In the volume under review, Hardacre investigates the claims about Shinto as the embodiment of indigenous tradition and its rightful place in the public realm. It is often claimed in the West that it was Shinto that drove Japanese military aggression. It is still seen as provocative for ministers and others to visit the Yasukuni Shrine in Tokyo, which honours the war dead. Hardacre makes the controversial claim that it was in fact the Allied Occupation that created this image.
For the most part, Shinto beliefs are benign. There are deities (kami) in all things, animate and inanimate, around us, and in everyday life, to some degree, we placate them.
A fine example is when someone builds a new house.
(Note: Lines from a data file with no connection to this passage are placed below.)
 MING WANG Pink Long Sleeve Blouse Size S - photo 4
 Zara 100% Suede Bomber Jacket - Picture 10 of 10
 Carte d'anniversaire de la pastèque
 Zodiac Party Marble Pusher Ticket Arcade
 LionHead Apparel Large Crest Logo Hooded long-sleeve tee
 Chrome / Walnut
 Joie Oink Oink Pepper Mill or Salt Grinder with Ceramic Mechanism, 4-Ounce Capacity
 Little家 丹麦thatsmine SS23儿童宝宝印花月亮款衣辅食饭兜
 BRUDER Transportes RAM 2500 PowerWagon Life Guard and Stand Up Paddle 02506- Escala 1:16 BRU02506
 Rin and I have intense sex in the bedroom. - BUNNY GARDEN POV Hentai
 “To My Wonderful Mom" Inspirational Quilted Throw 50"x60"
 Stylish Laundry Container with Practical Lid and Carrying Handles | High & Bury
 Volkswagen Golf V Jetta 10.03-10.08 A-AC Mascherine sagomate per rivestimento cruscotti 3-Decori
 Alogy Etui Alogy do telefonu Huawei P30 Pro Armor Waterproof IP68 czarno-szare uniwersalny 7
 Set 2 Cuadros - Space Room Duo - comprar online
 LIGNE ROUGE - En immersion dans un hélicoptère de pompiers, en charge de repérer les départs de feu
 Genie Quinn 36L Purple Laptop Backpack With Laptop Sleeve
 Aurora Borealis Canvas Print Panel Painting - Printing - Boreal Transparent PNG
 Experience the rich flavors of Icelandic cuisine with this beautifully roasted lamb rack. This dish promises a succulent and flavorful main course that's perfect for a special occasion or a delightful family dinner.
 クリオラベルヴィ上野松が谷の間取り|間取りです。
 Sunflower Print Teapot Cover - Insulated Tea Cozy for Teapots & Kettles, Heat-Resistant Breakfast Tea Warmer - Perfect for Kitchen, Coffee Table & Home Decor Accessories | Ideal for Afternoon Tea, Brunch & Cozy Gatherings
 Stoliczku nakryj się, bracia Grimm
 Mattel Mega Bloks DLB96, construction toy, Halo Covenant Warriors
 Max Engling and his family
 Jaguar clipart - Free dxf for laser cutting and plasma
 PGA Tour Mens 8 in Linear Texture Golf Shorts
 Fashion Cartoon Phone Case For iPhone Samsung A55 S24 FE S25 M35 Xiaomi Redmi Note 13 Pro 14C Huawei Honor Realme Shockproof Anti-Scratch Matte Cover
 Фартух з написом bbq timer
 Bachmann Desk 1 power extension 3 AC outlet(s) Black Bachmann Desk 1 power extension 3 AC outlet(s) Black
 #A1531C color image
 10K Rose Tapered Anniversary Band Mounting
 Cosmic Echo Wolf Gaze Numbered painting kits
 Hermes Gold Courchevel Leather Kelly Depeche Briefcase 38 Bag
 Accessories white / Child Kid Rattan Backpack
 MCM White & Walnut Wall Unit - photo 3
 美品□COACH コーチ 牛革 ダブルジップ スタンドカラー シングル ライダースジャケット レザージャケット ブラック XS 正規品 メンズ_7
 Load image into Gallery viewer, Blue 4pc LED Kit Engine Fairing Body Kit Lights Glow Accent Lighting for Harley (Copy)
It is usual to have a ground-breaking ceremony attended by a Shinto priest, whose role is to calm the kami whose “home” is being disrupted by the construction work.
Hardacre writes, “If people plan to disturb their domain by digging in the earth, planting crops and erecting buildings, it is ‘only proper’ to begin by asking permission from the kami, with prayer, food, gifts and drinks and a place for them to receive these offerings, or in which to dwell ongoingly, that is, a shrine”.
The book is finely illustrated with many photographs from the author’s own collection and there are a number of very useful tables and charts, many relating to the funding of shrines. As the promotional material states, “Hardacre’s magisterial work will stand as the definitive reference for years to come”.